(Captioned web image data)
_____

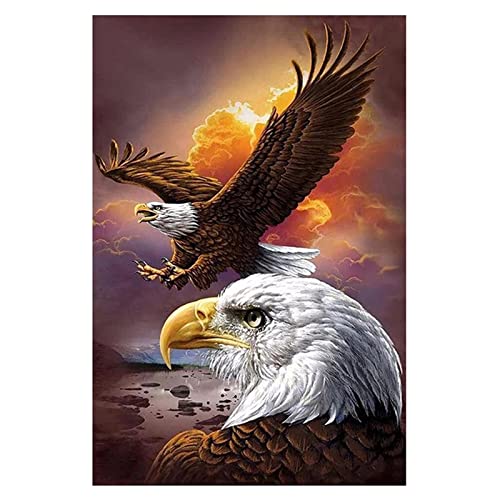 Diamond Painting Set,Tierischer Adler Diamant Painting Bilder 5D Erwachsene/Kinder Stickerei Kreuzstich Mosaik Gemälde DIY Diamant Malerei Kits Vollbohrer,für Home Wall Décor Round Drill,30x40cm Diamond Painting Set,Tierischer Adler Diamant Painting Bilder 5D Erwachsene/Kinder Stickerei Kreuzstich Mosaik Gemälde DIY Diamant Malerei Kits Vollbohrer,für Home Wall Décor Round Drill,30x40cm von Tainrun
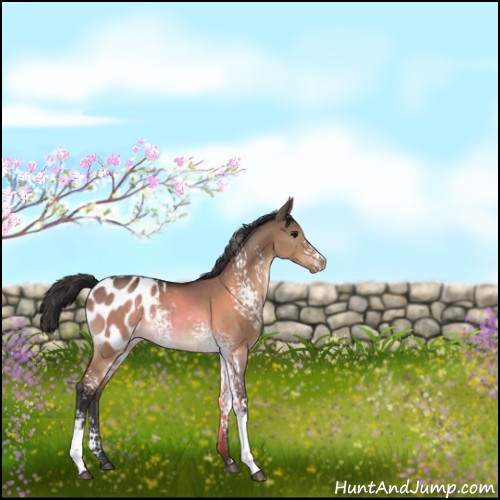 Horse Color:White Spotted Bay Dun Appaloosa 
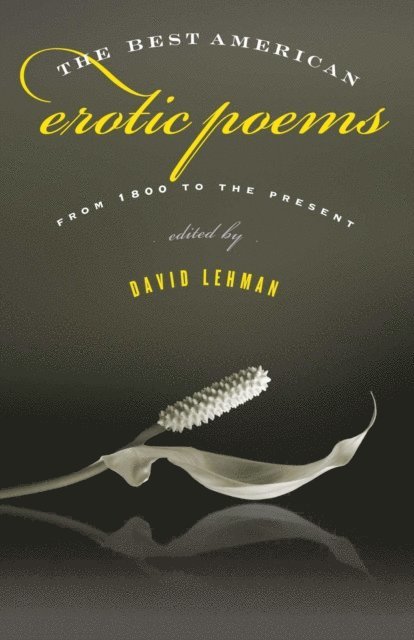 David Lehman - Best American Erotic Poems, E-bok
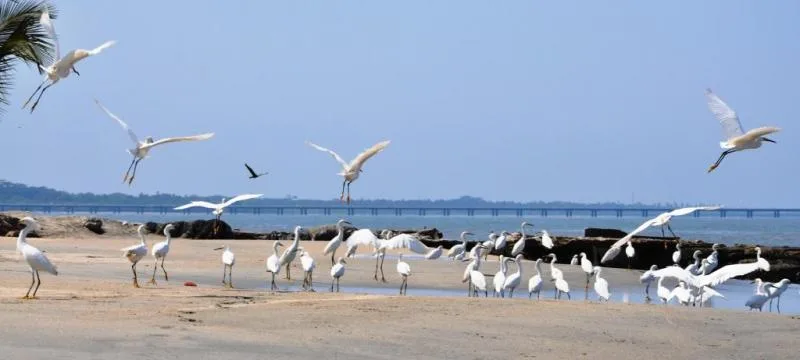 Apartamento en  Arriendo en Santa marta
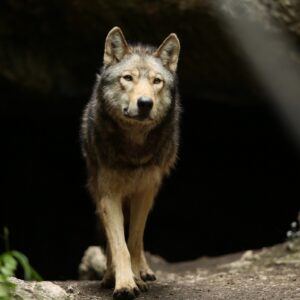 Almo Nature präsentiert „The Promise“ – der große Treueschwur zwischen Mensch und Wolf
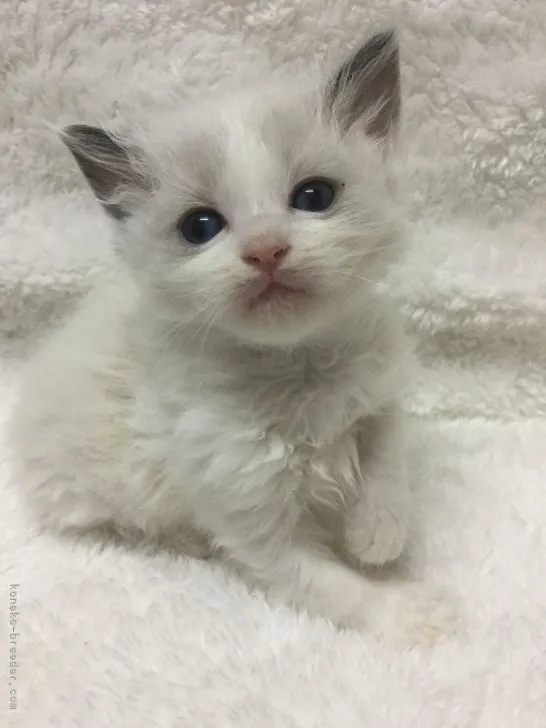 おにゃんこ 様のお迎えした子猫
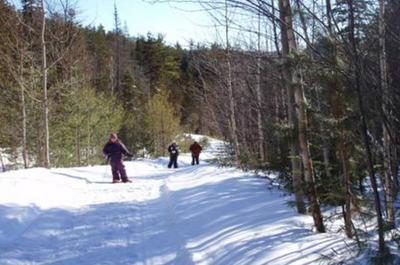 Sentier de raquettes   © Condos Lelydia
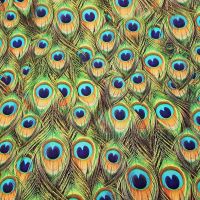 Stoff Meterware Baumwolle Pfau Pfauenfeder Pfauenauge bunt Fotodruck Digital 0,5 Stoff Meterware Baumwolle Pfau Pfauenfeder Pfauenauge bunt Fotodruck Digital 0,5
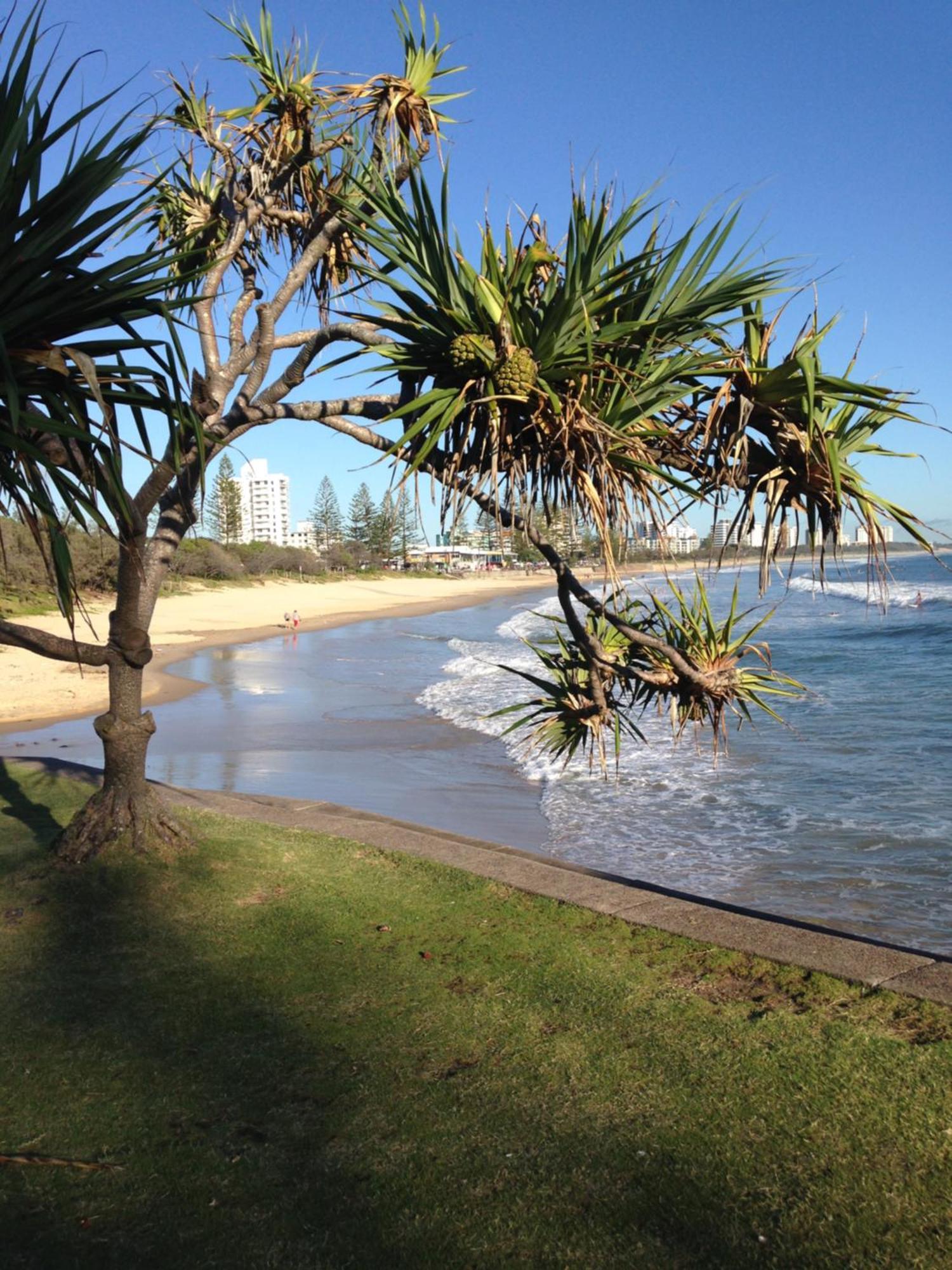 Grand Palais Boolarong Beachside Apartments Alexandra Headland Kültér fotó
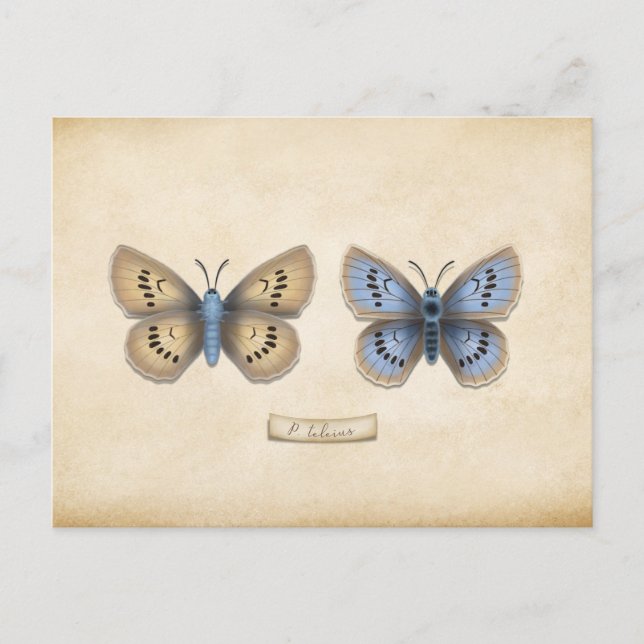 Scarce Large Blue Butterfly Specimen Customisable Postcard (Front)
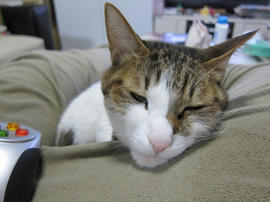 IMG07148.jpg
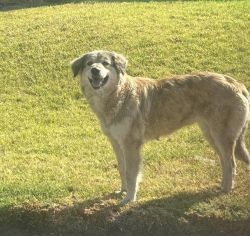 Lost Female Dog last seen Park Center and Wineville Ave, Norco, CA 92860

_____

Activity: Write out all the entries precisely as given, omitting each image.

Response:
 Diamond Painting Set,Tierischer Adler Diamant Painting Bilder 5D Erwachsene/Kinder Stickerei Kreuzstich Mosaik Gemälde DIY Diamant Malerei Kits Vollbohrer,für Home Wall Décor Round Drill,30x40cm Diamond Painting Set,Tierischer Adler Diamant Painting Bilder 5D Erwachsene/Kinder Stickerei Kreuzstich Mosaik Gemälde DIY Diamant Malerei Kits Vollbohrer,für Home Wall Décor Round Drill,30x40cm von Tainrun
 Horse Color:White Spotted Bay Dun Appaloosa 
 David Lehman - Best American Erotic Poems, E-bok
 Apartamento en  Arriendo en Santa marta
 Almo Nature präsentiert „The Promise“ – der große Treueschwur zwischen Mensch und Wolf
 おにゃんこ 様のお迎えした子猫
 Sentier de raquettes   © Condos Lelydia
 Stoff Meterware Baumwolle Pfau Pfauenfeder Pfauenauge bunt Fotodruck Digital 0,5 Stoff Meterware Baumwolle Pfau Pfauenfeder Pfauenauge bunt Fotodruck Digital 0,5
 Grand Palais Boolarong Beachside Apartments Alexandra Headland Kültér fotó
 Scarce Large Blue Butterfly Specimen Customisable Postcard (Front)
 IMG07148.jpg
 Lost Female Dog last seen Park Center and Wineville Ave, Norco, CA 92860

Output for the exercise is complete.